### What this task involves
Nothing goes in the answer except the line that contains "this 845×633 image." and the lines after it to the end of the material below, unchanged.

### Material for this task
.....

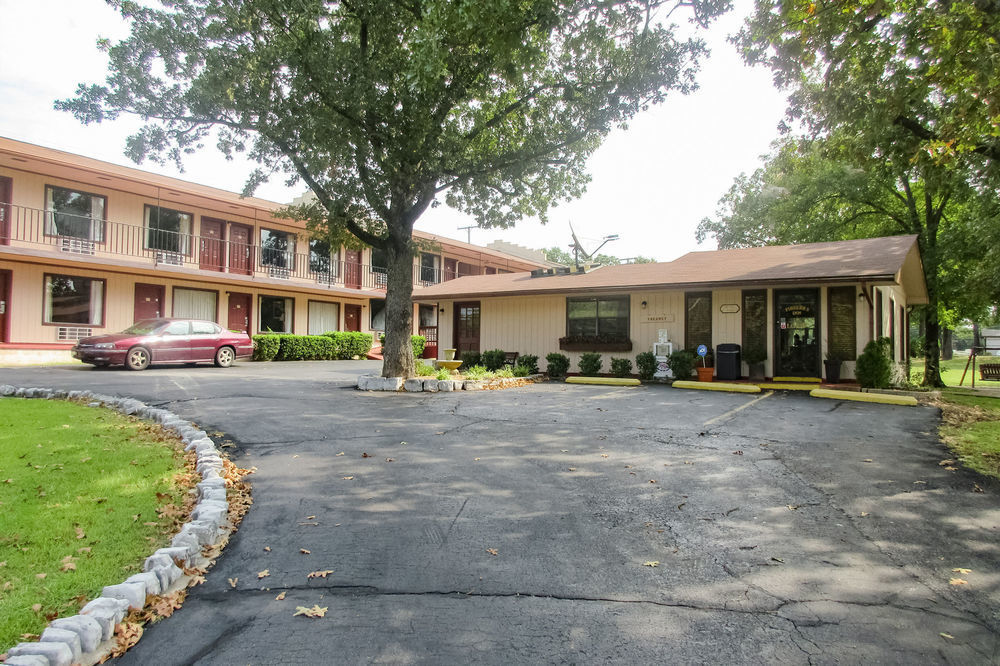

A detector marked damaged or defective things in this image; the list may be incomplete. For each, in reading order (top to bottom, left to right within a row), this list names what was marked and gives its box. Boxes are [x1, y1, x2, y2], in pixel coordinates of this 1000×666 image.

cracked asphalt [1, 360, 1000, 660]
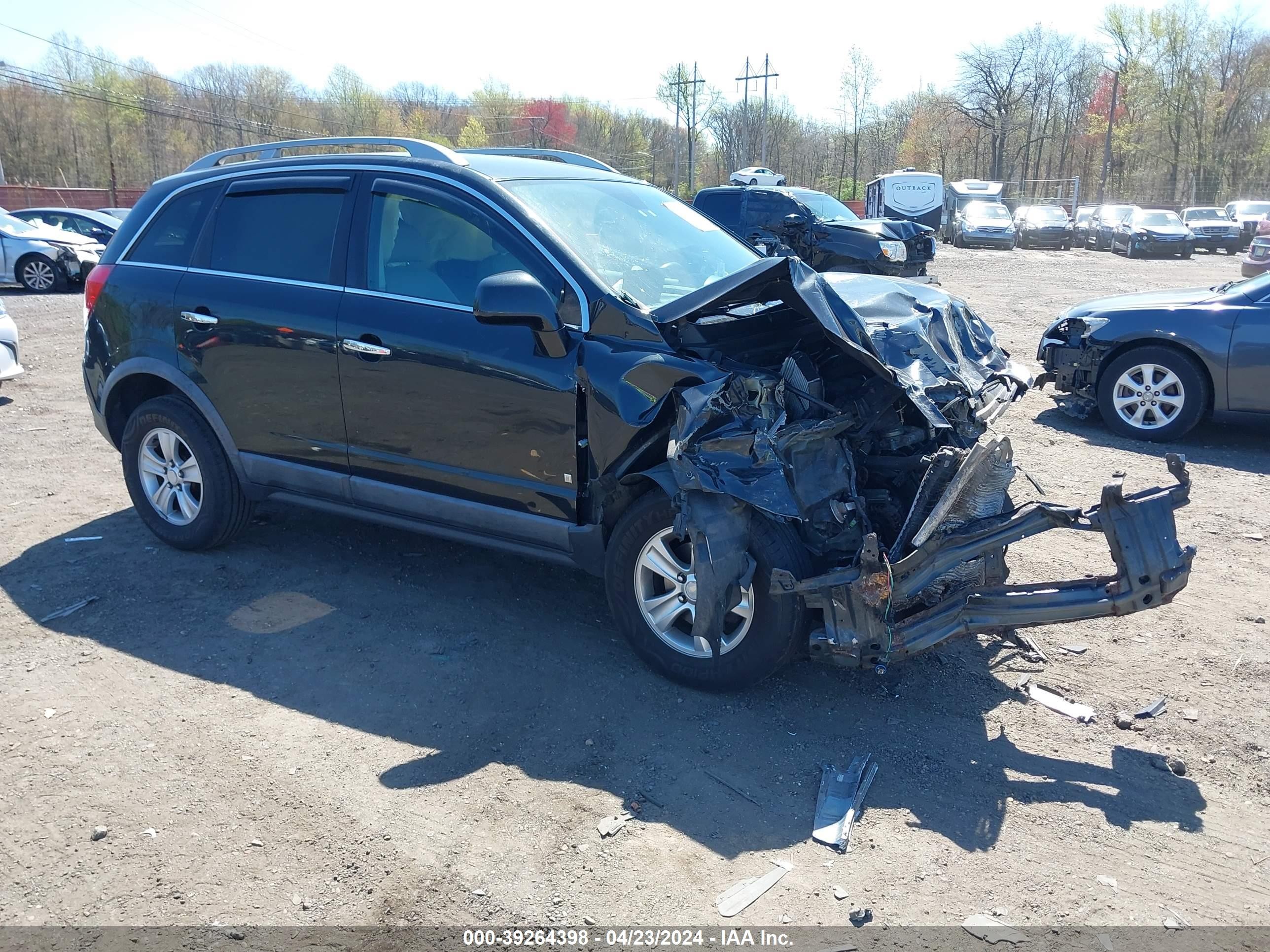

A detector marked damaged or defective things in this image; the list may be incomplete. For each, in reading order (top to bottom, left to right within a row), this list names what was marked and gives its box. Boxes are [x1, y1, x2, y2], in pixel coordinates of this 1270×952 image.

damaged black suv [84, 142, 1199, 690]
crumpled hood [655, 256, 1033, 428]
crumpled hood [820, 218, 927, 242]
severely damaged front end [651, 256, 1199, 666]
detached front bumper [773, 455, 1191, 670]
crumpled hood [1065, 286, 1215, 319]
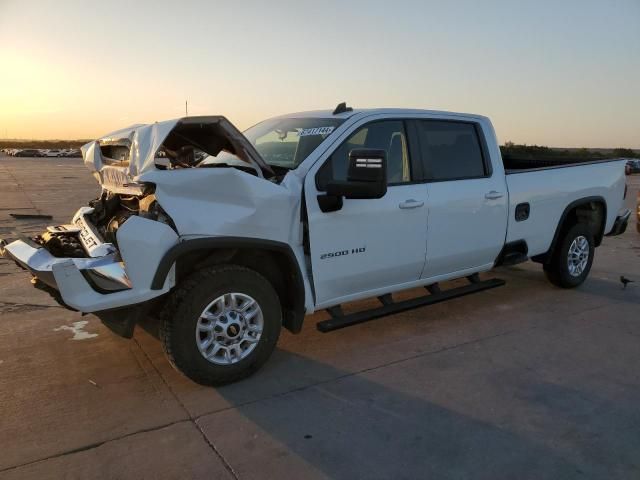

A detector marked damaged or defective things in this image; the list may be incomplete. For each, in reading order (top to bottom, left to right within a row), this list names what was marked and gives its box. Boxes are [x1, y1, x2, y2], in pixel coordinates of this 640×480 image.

crumpled hood [80, 116, 272, 193]
destroyed front bumper [0, 213, 179, 312]
severe front damage [0, 114, 304, 336]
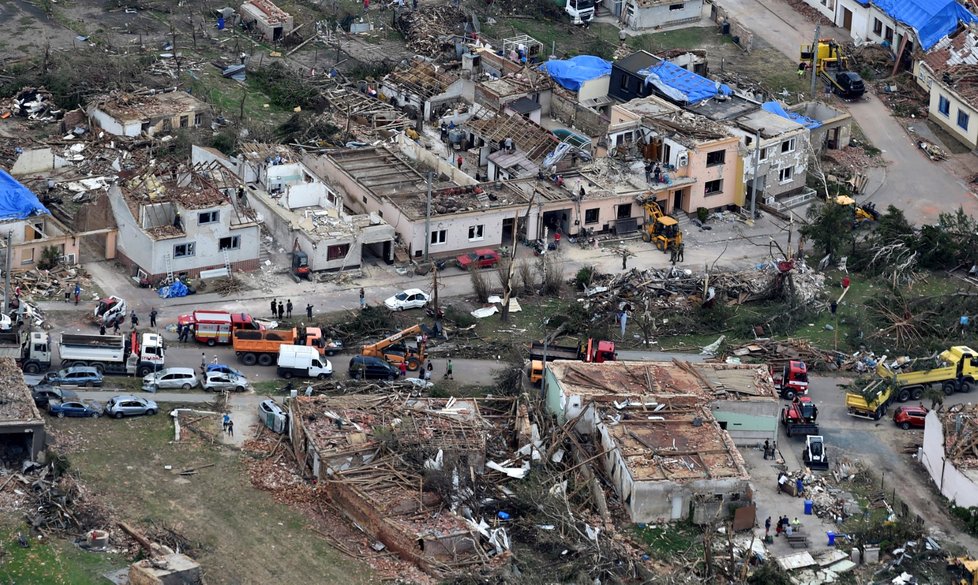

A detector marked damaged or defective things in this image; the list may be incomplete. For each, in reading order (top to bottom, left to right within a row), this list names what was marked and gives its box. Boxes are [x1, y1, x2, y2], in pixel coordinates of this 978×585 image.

damaged building [86, 90, 211, 138]
damaged building [106, 159, 260, 280]
damaged building [193, 145, 394, 268]
damaged building [0, 354, 44, 468]
damaged building [286, 394, 492, 572]
damaged building [540, 360, 776, 520]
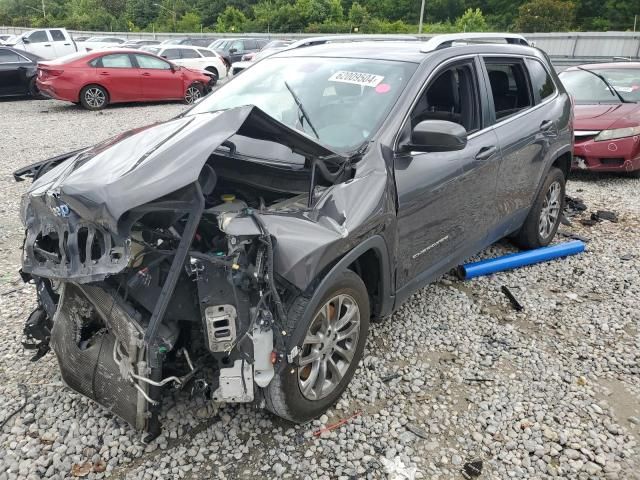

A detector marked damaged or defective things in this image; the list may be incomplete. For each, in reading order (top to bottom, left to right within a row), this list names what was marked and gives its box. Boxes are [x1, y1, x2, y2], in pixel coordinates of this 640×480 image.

crumpled hood [25, 105, 340, 232]
crumpled hood [572, 102, 640, 130]
torn front bumper [51, 284, 150, 430]
damaged gray suv [13, 33, 568, 438]
broken plastic piece [502, 284, 524, 312]
broken plastic piece [460, 240, 584, 282]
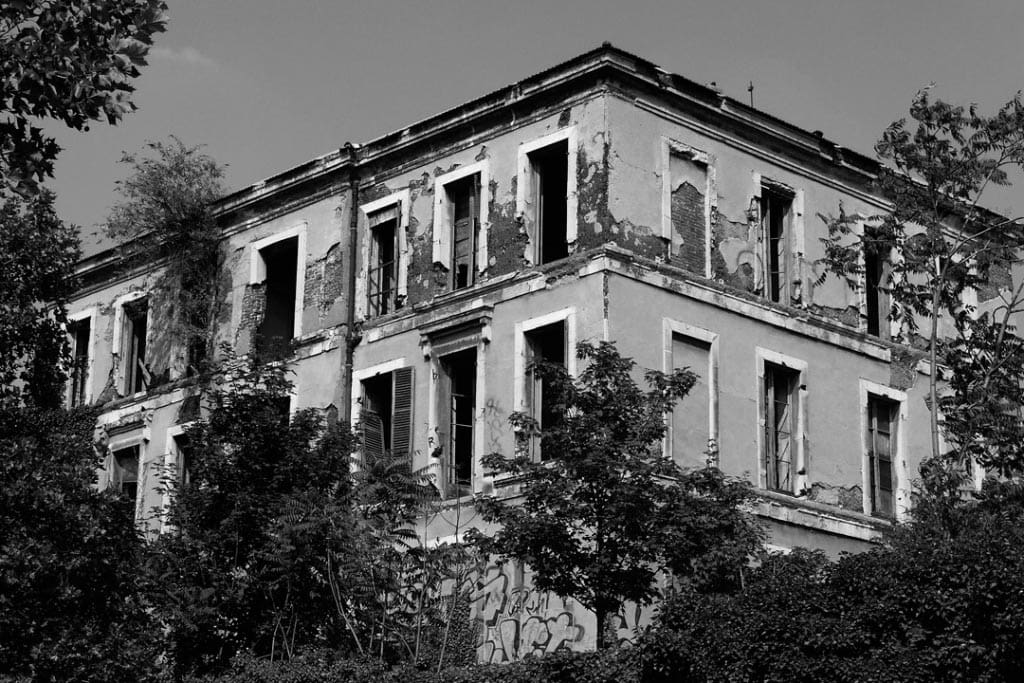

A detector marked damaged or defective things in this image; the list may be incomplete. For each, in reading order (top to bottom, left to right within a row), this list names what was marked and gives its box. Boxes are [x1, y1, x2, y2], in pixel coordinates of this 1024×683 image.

broken shutter [364, 409, 387, 456]
broken shutter [389, 366, 413, 456]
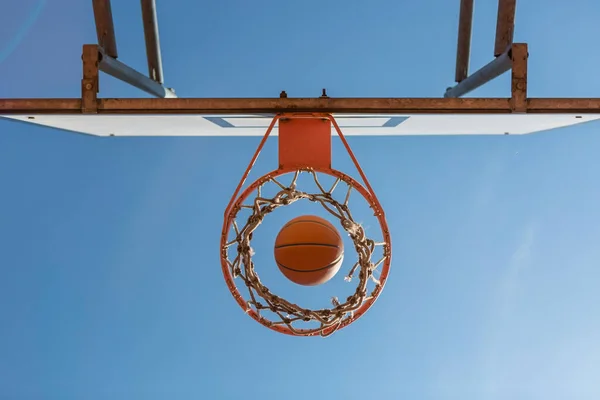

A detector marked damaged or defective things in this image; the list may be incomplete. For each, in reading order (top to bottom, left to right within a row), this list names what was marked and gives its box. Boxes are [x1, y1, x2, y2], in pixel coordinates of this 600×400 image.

rusty metal beam [91, 0, 118, 58]
rusty metal beam [141, 0, 164, 83]
rusty metal beam [454, 0, 474, 82]
rusty metal beam [494, 0, 516, 56]
rusty metal beam [1, 97, 600, 115]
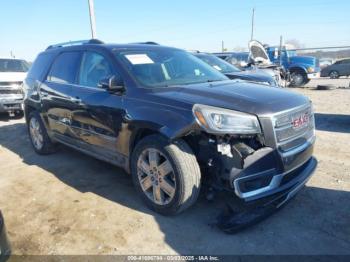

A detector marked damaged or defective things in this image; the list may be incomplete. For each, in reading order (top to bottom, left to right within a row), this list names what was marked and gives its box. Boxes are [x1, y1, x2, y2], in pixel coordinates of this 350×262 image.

crumpled hood [152, 80, 308, 116]
broken headlight [193, 104, 262, 134]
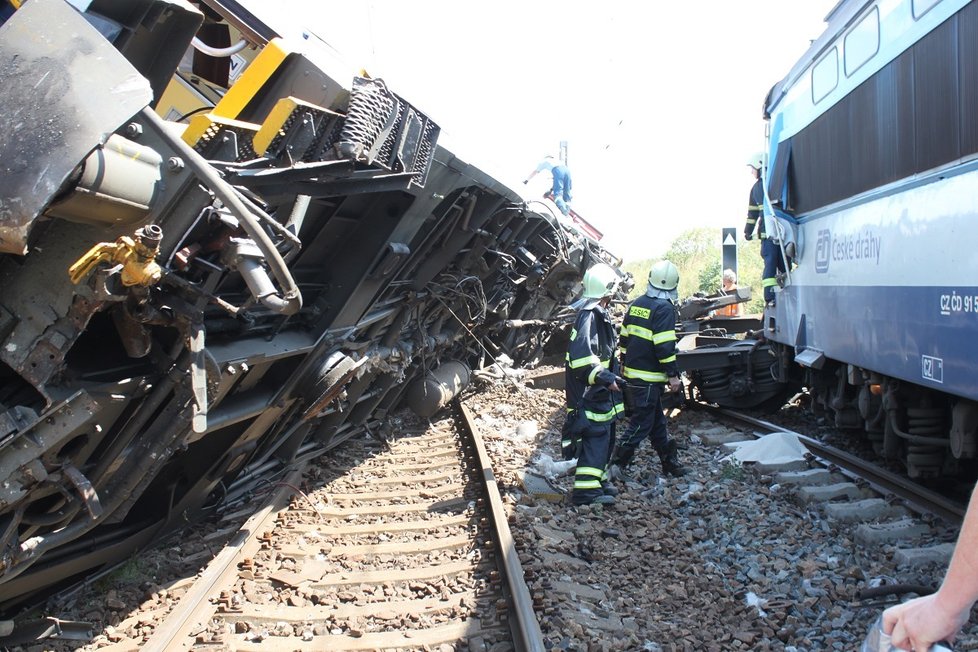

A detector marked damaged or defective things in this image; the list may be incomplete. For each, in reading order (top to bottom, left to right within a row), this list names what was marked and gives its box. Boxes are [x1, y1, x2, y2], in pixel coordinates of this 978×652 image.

broken metal panel [0, 0, 152, 255]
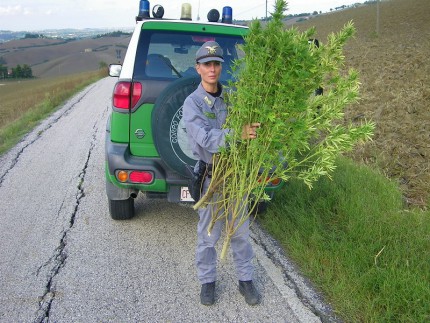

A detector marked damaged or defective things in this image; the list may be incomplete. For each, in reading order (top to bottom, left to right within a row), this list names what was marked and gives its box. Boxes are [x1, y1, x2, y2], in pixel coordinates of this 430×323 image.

crack in asphalt [0, 85, 95, 189]
crack in asphalt [33, 122, 98, 323]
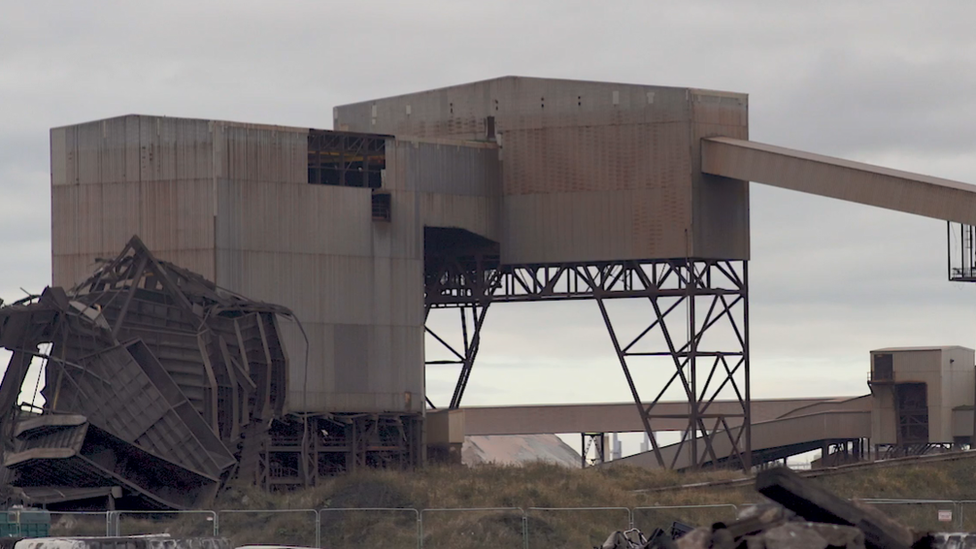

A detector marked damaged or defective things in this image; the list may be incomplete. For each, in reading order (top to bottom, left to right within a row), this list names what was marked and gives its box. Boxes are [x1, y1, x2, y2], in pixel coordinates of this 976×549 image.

rusty metal panel [700, 138, 976, 226]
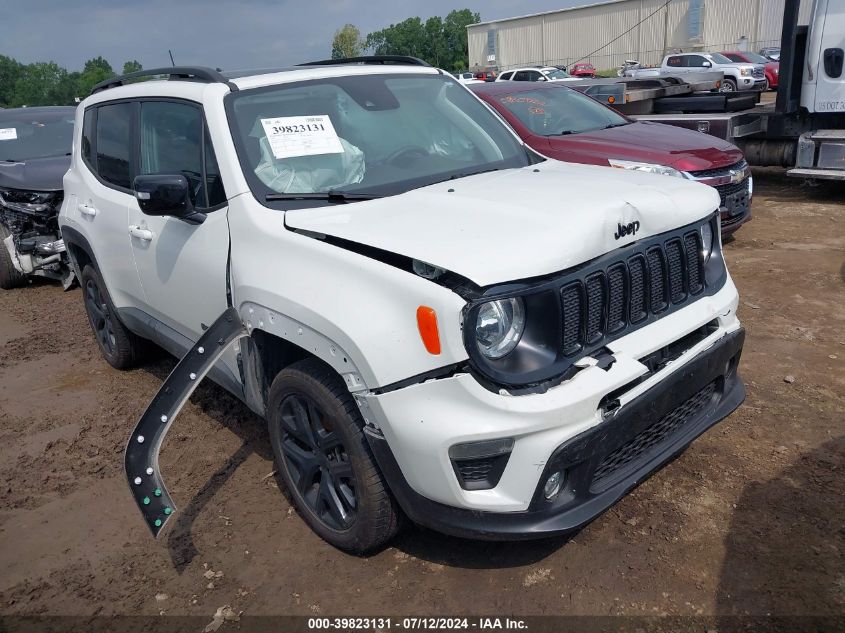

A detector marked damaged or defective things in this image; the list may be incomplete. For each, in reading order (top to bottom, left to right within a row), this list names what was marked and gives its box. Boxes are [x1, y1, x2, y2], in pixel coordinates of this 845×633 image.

damaged gray car [0, 106, 75, 288]
damaged front bumper [123, 306, 247, 532]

.....

### Solution
A detector marked damaged or defective things in this image; the list may be incomplete. For each, in reading order (top to bottom, left to right within a row), this list names what was marked and gives its box. Boxes are [x1, y1, x2, y2], in pixel coordinates of this 845×633 image.

damaged gray car [0, 106, 75, 288]
damaged front bumper [123, 306, 247, 532]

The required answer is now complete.